Instruction for the entries below: return the part that opens with the line containing "Chanel body shimmer! Summer must have!" and closes with the line containing "#LTKSaleAlert #LTKFindsUnder100 #LTKBeauty", exactly, and no pictures.

### THE DATA
::::

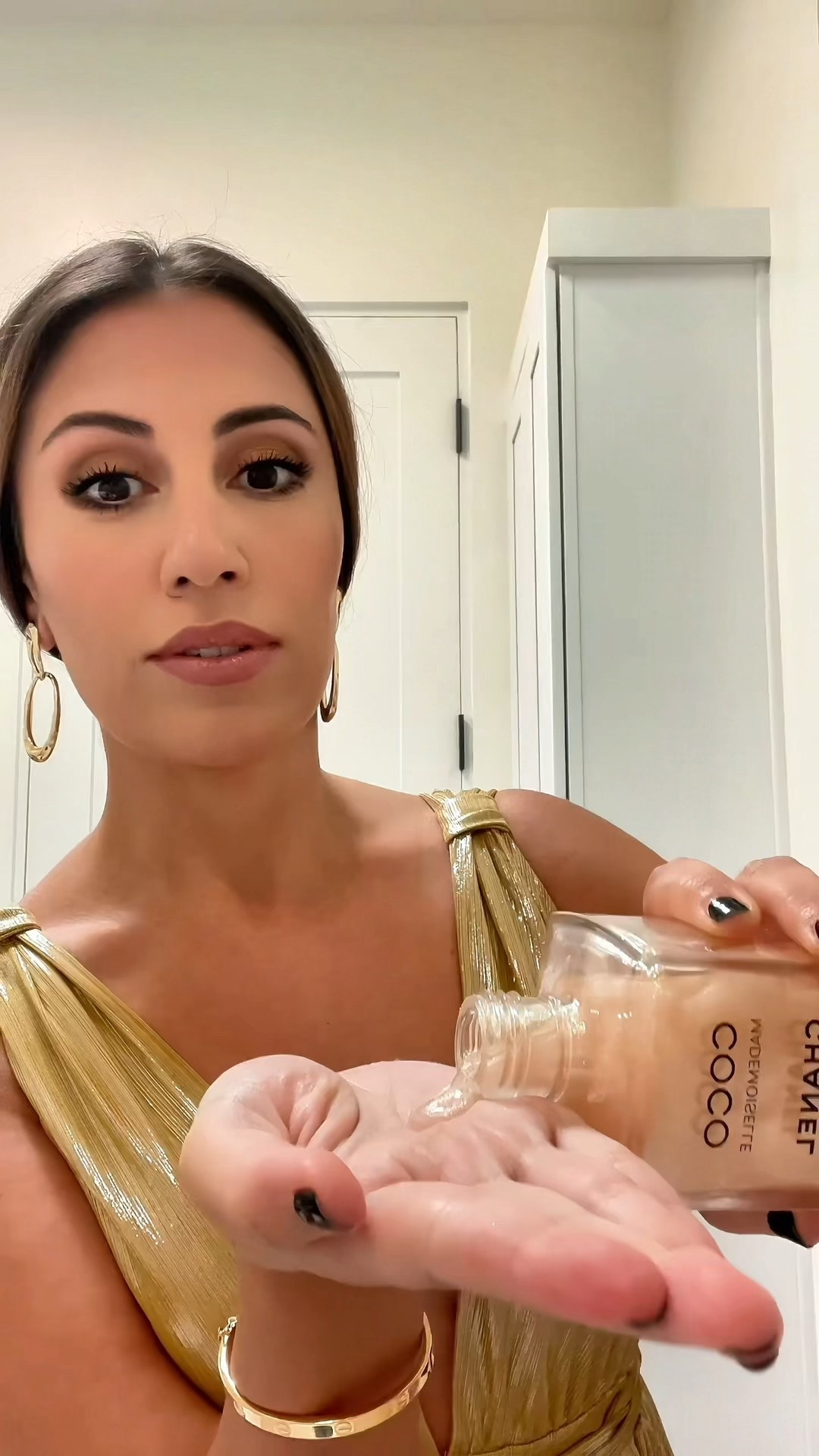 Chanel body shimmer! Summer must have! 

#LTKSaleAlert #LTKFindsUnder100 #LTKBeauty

::::

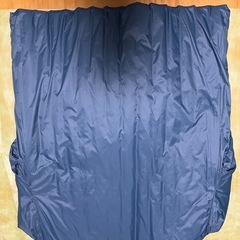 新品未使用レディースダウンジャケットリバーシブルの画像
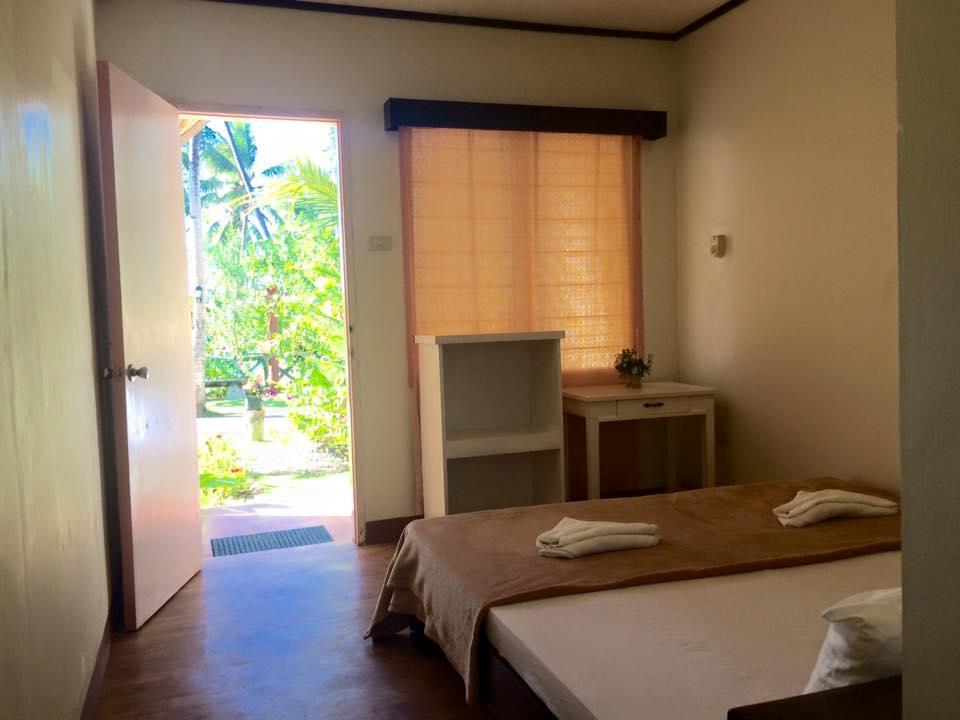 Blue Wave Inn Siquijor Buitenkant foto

::::

### THE COMPLETED TASK
 Chanel body shimmer! Summer must have! 

#LTKSaleAlert #LTKFindsUnder100 #LTKBeauty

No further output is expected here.